Write out again, exactly, the lines below starting at the one with "Petal Groove: A" and ending at the one with "Super mario, Backpack".

===== DATASET RECORDS =====

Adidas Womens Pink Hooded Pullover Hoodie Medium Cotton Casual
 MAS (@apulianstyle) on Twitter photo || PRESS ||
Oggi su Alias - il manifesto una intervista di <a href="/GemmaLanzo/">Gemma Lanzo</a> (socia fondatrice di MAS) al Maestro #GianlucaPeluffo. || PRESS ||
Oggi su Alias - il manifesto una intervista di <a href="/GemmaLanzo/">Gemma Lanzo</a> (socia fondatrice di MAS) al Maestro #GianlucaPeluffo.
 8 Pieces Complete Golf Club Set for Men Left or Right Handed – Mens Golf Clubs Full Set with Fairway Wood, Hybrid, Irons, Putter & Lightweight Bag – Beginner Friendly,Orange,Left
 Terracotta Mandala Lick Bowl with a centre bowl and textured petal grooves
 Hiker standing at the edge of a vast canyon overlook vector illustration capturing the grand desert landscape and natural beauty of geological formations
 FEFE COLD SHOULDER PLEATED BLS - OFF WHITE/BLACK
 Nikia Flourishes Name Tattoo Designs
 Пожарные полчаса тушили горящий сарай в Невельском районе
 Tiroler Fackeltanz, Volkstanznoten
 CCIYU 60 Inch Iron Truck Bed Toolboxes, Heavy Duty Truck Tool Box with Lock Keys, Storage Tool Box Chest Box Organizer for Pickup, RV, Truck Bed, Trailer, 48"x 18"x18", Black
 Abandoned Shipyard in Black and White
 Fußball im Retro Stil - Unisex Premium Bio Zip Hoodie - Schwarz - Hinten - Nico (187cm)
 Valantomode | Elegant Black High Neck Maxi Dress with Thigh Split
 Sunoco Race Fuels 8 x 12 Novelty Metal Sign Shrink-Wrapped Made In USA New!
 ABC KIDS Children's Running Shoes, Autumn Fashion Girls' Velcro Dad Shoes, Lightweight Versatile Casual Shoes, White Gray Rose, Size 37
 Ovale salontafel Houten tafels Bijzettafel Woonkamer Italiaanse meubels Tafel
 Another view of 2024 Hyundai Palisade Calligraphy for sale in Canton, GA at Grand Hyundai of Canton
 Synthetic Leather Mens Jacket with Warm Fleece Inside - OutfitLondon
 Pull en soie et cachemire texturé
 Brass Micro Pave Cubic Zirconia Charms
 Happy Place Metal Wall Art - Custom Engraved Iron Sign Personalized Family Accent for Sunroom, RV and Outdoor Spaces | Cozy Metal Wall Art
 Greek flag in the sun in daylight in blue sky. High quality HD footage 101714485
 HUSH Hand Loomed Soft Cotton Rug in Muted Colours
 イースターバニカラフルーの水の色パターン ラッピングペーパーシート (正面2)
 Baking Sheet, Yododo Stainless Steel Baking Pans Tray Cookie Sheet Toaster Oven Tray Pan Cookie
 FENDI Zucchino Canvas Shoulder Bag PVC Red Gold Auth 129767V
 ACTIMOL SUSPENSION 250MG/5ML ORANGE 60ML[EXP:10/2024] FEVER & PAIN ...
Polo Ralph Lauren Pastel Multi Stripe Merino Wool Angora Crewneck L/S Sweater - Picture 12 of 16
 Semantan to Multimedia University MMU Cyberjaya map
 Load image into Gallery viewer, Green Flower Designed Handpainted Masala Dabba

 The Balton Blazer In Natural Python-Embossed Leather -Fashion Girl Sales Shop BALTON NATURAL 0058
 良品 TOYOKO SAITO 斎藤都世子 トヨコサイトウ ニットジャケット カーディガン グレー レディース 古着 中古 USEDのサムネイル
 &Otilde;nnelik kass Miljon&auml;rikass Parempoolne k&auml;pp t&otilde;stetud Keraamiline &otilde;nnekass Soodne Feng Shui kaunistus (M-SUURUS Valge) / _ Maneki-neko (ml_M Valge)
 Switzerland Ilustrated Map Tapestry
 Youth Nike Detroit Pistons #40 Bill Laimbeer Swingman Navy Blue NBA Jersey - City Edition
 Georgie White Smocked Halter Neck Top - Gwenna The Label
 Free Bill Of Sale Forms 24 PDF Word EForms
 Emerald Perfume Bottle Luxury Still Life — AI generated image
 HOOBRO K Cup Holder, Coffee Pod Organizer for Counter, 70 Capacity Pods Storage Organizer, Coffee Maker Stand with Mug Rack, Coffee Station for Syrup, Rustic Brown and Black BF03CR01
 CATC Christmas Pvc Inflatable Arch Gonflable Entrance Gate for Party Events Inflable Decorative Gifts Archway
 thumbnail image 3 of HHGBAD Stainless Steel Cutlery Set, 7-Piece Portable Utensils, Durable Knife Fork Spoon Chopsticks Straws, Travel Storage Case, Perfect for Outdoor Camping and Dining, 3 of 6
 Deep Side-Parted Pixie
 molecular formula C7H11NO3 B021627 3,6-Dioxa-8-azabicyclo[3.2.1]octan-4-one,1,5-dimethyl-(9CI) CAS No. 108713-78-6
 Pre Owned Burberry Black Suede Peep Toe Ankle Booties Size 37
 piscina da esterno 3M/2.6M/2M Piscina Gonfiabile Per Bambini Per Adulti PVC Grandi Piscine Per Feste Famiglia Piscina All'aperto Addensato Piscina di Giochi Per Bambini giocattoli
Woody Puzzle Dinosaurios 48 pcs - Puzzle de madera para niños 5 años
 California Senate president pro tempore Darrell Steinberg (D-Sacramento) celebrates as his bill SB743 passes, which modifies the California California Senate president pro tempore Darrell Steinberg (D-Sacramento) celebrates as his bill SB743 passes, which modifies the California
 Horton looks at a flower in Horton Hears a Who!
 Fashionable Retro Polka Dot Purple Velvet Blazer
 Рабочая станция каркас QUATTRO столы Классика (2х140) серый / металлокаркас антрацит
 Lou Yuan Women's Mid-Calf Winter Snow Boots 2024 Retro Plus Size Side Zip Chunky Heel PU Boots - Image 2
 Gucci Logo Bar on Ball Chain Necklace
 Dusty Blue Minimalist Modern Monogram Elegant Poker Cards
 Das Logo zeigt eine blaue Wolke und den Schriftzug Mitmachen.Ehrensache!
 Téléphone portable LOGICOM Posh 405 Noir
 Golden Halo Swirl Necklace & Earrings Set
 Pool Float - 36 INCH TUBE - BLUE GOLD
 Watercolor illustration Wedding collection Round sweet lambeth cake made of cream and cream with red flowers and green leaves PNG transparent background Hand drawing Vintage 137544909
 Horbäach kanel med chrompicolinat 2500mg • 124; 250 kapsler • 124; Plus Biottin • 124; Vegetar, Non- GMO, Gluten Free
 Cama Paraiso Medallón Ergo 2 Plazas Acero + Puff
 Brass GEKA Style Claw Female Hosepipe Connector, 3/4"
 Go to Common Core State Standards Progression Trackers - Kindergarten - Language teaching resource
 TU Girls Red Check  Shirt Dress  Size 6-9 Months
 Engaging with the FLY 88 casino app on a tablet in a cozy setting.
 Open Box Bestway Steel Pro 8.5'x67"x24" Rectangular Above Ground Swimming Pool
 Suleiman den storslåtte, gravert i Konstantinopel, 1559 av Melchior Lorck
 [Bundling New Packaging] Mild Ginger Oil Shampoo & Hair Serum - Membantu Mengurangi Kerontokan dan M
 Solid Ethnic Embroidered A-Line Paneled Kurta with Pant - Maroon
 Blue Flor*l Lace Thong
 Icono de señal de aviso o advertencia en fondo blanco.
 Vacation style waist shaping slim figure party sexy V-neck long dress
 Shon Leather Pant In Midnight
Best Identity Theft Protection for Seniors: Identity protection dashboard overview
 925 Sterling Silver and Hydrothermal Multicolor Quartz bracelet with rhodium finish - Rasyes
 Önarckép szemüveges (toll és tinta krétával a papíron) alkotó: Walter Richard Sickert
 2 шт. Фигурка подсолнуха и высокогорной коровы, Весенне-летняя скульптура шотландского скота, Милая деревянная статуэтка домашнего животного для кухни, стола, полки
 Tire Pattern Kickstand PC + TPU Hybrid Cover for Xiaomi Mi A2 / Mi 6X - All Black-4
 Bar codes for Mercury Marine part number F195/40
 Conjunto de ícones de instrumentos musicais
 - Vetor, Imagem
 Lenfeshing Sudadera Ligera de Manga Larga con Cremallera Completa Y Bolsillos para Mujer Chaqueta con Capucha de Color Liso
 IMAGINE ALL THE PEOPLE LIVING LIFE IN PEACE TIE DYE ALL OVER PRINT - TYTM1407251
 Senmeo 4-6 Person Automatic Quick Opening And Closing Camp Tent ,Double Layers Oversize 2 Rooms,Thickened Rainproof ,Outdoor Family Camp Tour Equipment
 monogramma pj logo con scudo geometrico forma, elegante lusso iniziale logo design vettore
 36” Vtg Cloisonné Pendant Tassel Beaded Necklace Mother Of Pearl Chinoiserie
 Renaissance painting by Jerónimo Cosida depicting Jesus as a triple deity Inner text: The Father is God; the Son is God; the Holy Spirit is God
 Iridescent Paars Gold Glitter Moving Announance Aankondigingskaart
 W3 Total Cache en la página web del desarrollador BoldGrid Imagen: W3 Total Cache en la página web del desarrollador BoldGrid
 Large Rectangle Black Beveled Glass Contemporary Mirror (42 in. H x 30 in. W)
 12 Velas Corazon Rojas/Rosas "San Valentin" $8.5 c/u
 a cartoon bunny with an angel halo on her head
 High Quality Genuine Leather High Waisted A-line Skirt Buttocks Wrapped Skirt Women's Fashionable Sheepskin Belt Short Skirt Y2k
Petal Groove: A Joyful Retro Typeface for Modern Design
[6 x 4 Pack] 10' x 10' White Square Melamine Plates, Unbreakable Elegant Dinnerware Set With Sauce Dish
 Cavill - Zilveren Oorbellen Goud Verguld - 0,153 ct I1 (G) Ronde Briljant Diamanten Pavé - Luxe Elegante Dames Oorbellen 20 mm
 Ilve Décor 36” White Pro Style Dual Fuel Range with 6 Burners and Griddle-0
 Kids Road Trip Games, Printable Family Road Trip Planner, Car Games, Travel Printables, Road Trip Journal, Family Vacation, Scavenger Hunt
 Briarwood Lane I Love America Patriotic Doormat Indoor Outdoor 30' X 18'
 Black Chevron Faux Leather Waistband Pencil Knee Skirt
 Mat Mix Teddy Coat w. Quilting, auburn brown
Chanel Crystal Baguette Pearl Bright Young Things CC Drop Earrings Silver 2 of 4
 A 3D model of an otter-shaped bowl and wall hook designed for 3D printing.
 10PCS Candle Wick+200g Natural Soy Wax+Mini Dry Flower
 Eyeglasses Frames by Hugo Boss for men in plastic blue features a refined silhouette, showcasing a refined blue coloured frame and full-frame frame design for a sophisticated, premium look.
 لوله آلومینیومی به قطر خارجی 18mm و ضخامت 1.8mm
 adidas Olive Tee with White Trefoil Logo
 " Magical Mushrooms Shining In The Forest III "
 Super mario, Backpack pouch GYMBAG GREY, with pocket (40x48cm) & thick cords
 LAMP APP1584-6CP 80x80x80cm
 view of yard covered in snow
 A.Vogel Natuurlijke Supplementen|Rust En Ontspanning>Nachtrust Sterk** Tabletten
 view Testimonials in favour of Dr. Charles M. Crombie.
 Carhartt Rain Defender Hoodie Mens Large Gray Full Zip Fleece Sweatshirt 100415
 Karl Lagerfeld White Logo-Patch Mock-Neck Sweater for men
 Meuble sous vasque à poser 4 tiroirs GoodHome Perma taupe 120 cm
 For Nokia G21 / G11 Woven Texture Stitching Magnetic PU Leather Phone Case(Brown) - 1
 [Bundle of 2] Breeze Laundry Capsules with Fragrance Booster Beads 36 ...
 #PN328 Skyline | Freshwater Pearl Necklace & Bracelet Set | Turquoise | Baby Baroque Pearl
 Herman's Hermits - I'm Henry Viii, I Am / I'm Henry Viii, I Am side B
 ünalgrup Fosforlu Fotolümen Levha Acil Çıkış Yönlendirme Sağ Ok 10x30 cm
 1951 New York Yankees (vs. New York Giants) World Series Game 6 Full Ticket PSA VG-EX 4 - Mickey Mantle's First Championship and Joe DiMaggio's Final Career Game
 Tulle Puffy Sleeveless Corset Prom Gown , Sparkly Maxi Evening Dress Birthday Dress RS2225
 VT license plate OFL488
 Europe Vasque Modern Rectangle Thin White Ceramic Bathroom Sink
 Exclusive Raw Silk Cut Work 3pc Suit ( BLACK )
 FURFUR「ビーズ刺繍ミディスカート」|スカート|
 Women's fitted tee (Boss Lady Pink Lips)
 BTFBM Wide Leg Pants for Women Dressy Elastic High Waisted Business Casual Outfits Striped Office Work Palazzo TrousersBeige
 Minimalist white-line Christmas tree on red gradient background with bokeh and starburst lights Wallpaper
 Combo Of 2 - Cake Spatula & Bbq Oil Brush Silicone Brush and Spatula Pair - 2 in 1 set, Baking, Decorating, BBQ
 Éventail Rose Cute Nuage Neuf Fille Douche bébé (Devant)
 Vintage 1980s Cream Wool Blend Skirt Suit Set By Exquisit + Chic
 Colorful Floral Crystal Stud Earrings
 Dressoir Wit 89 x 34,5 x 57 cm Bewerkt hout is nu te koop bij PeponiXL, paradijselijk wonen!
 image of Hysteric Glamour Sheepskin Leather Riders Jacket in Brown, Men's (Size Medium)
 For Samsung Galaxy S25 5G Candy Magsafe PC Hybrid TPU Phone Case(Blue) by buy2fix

=====

§ ANSWER BOX:
Petal Groove: A Joyful Retro Typeface for Modern Design
[6 x 4 Pack] 10' x 10' White Square Melamine Plates, Unbreakable Elegant Dinnerware Set With Sauce Dish
 Cavill - Zilveren Oorbellen Goud Verguld - 0,153 ct I1 (G) Ronde Briljant Diamanten Pavé - Luxe Elegante Dames Oorbellen 20 mm
 Ilve Décor 36” White Pro Style Dual Fuel Range with 6 Burners and Griddle-0
 Kids Road Trip Games, Printable Family Road Trip Planner, Car Games, Travel Printables, Road Trip Journal, Family Vacation, Scavenger Hunt
 Briarwood Lane I Love America Patriotic Doormat Indoor Outdoor 30' X 18'
 Black Chevron Faux Leather Waistband Pencil Knee Skirt
 Mat Mix Teddy Coat w. Quilting, auburn brown
Chanel Crystal Baguette Pearl Bright Young Things CC Drop Earrings Silver 2 of 4
 A 3D model of an otter-shaped bowl and wall hook designed for 3D printing.
 10PCS Candle Wick+200g Natural Soy Wax+Mini Dry Flower
 Eyeglasses Frames by Hugo Boss for men in plastic blue features a refined silhouette, showcasing a refined blue coloured frame and full-frame frame design for a sophisticated, premium look.
 لوله آلومینیومی به قطر خارجی 18mm و ضخامت 1.8mm
 adidas Olive Tee with White Trefoil Logo
 " Magical Mushrooms Shining In The Forest III "
 Super mario, Backpack pouch GYMBAG GREY, with pocket (40x48cm) & thick cords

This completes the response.